You didn't even mention the lemoncello tiramisu that scared you in your pre-opening posting about the restaurant. That must've exceeded your expectations as well.

May 6, 2010 02:46 pm
 Posted by  James

Based on my experience at Il Gatto, I can't imagine how anyone could suggest it rises barely above mediocrity. I have never eaten food like the kind I've eaten at Il Gatto. It is on another level - it isn't even in the same ballpark as any other restaurant I've dined in.

I enjoyed the Il Gatto burger and the shrimp appetizer. Both were so richly flavorful, that I actually had to chuckle in amusement - I never knew food could be prepared so well. It was an awakening for me in dining.

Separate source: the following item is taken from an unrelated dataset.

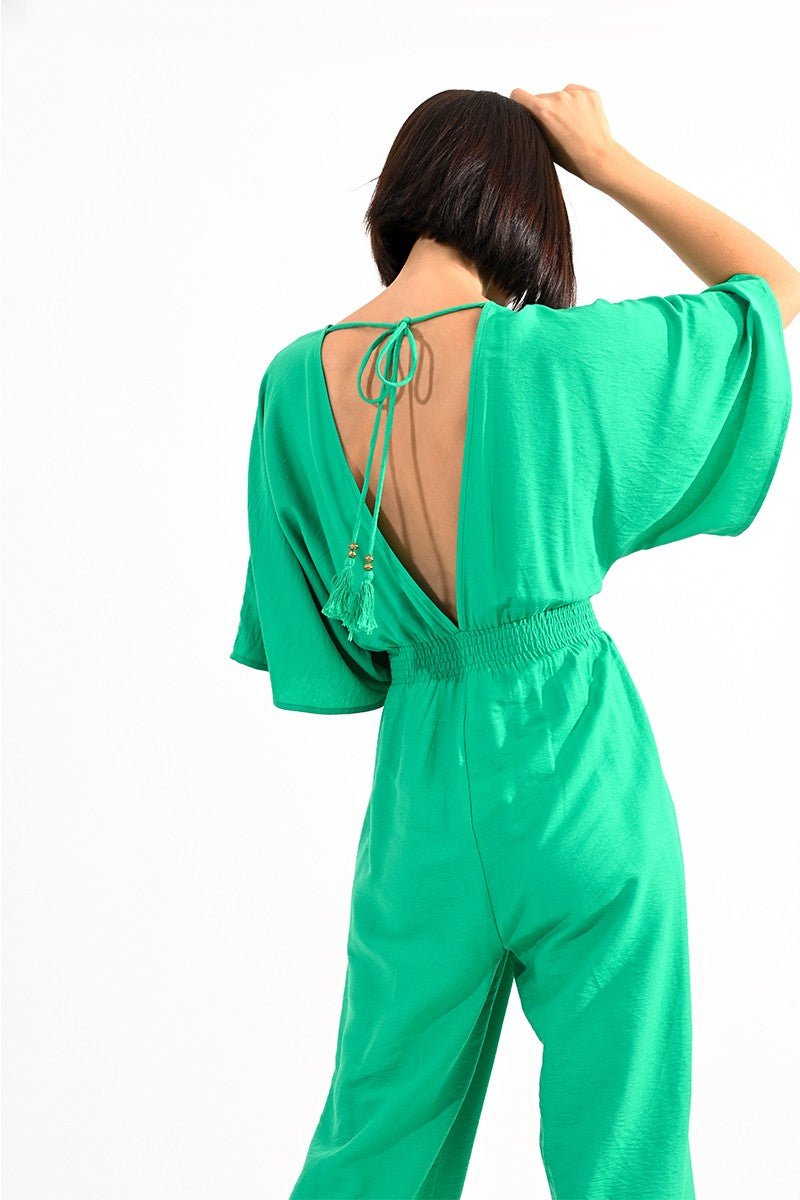 V-NECK JUMPSUIT FRONT AND BACK - GREEN - Molly Bracken E-Shop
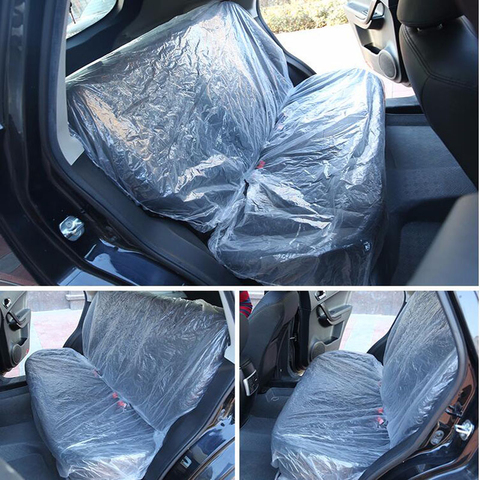 Cubierta de asiento trasero suave de plástico PE desechable Universal para automóvil, cubierta de asiento antiincrustante de plástico automotriz impermeable ► Foto 1/5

My companion enjoyed the scallops and goat cheese appetizer. She too laughed, as her eyes were opened to a whole new paradigm in flavor.


I have never eaten anything that approaches the quality of Il Gatto, and we can't wait to return.

The only criticism I have is trite, but I do agree - the focus they place on seafood does an unjust disservice to the rest of the menu, which captures the magical essence of culinary art, in my opinion.